#### [WHAT TO WORK ON]
Repeat the data that follows verbatim. Images are not part of the copy.

#### [DATA SECTION]
_ _ _ _ _
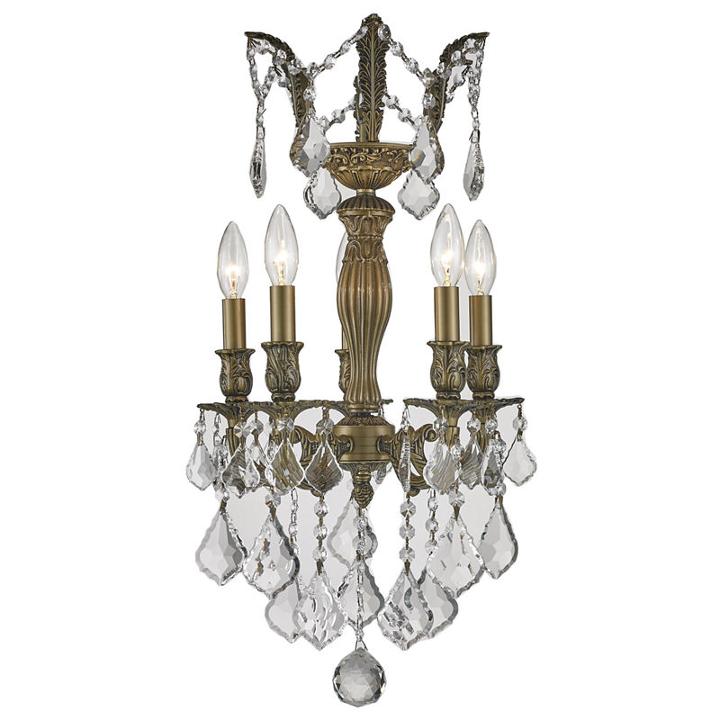 Versailles Collection 5 Light Mini Antique Bronzefinish And Crystal Chandelier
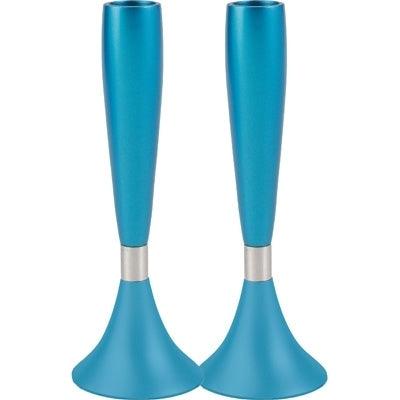 Anodized Aluminum Shabbat Candlesticks Large Turquoise (EM-CMM4)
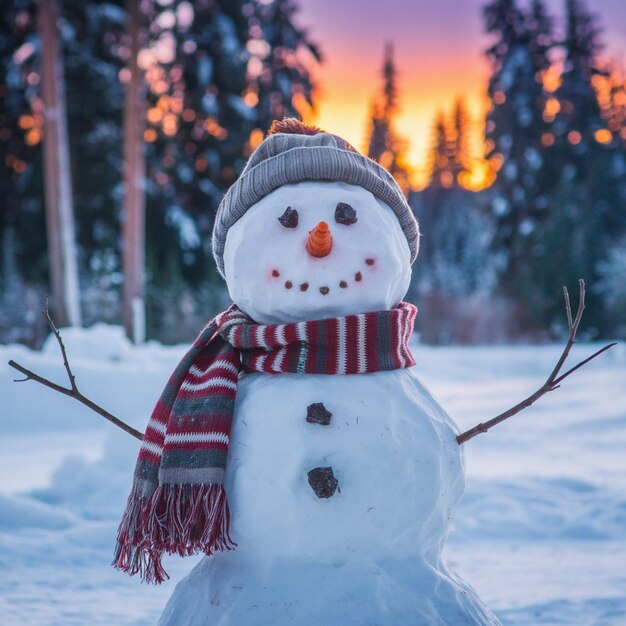 Photo cheerful snowman in winter forest at sunset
_ _ _ _ _
#### [TASK SOLUTION]
 Versailles Collection 5 Light Mini Antique Bronzefinish And Crystal Chandelier
 Anodized Aluminum Shabbat Candlesticks Large Turquoise (EM-CMM4)
 Photo cheerful snowman in winter forest at sunset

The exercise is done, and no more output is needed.